Das Ziel der Organisation ist es, eine Plattform zur Vernetzung sowie Aus- und Fortbildung für Medizinstudierende im Rettungsdienst – und darüber hinaus – zu schaffen. Bei öffentlichen Veranstaltungen profitieren auch Externe unabhängig von Organisationszugehörigkeit und Ausbildungsstand, so wurden in den Premedics Lectures bereits sämtliche Themenbereiche der Notfallmedizin von Vortragenden mit einem hohen Maß an Expertise auf ihrem Gebiet behandelt. Die Vortragsreihe wird im Herbst 2023 fortgesetzt.

Die meisten Mitglieder betätigen sich auch aktiv ehrenamtlich im Rettungsdienst verschiedener Organisationen. Dieser Umstand ermöglicht einen kontinuierlichen Erfahrungs- und Wissenstransfer zwischen den Studierenden, der ohne den Verein kaum stattfinden würde. Aber nicht nur innerhalb der Vienna Premedics findet ein Austausch statt: Im November des vergangenen Jahres gab es zum ersten Mal ein Vernetzungstreffen der verschiedenen studentischen Notfallmedizin-Initiativen in Österreich. Diese Treffen werden nun jährlich stattfinden, mit dem Ziel, Kommunikation und Zusammenarbeit zu fördern.

Regelmäßige Simulationstrainings und Workshops zu verschiedenen Themen bieten den Sanitäter:innen und zukünftigen Ärzt:innen die Möglichkeit, ihre Kenntnisse zu trainieren und zu vertiefen. So wurde beispielsweise im März 2023 ein dreitägiger Workshop zu präklinischer Notfallsonographie abgehalten, in dem das FAST-Protokoll (Focused Assessment with Sonography for Trauma) trainiert sowie ultraschallgezielte Punktion und Echokardiographie gelehrt wurden. Im Rahmen der Trainingseinheiten werden zum Teil auch von den Student:innen erlebte Fallbeispiele aus dem Rettungsdienstalltag aufgearbeitet.

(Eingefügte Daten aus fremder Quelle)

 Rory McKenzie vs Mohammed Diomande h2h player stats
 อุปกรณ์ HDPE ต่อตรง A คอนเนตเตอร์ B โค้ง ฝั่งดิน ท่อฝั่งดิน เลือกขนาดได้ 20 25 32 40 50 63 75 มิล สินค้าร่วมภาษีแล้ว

Da sich die Vereinsmitglieder in unterschiedlichen Studienabschnitten befinden – von Studienanfänger:innen bis hin zu Jungärzt:innen – profitieren besonders auch jene, die am Anfang ihrer Ausbildung zur Mediziner:in stehen, vergleichbar mit Peer-to-Peer-Mentoringprogrammen, welche an Universitäten immer größere Bedeutung gewinnen .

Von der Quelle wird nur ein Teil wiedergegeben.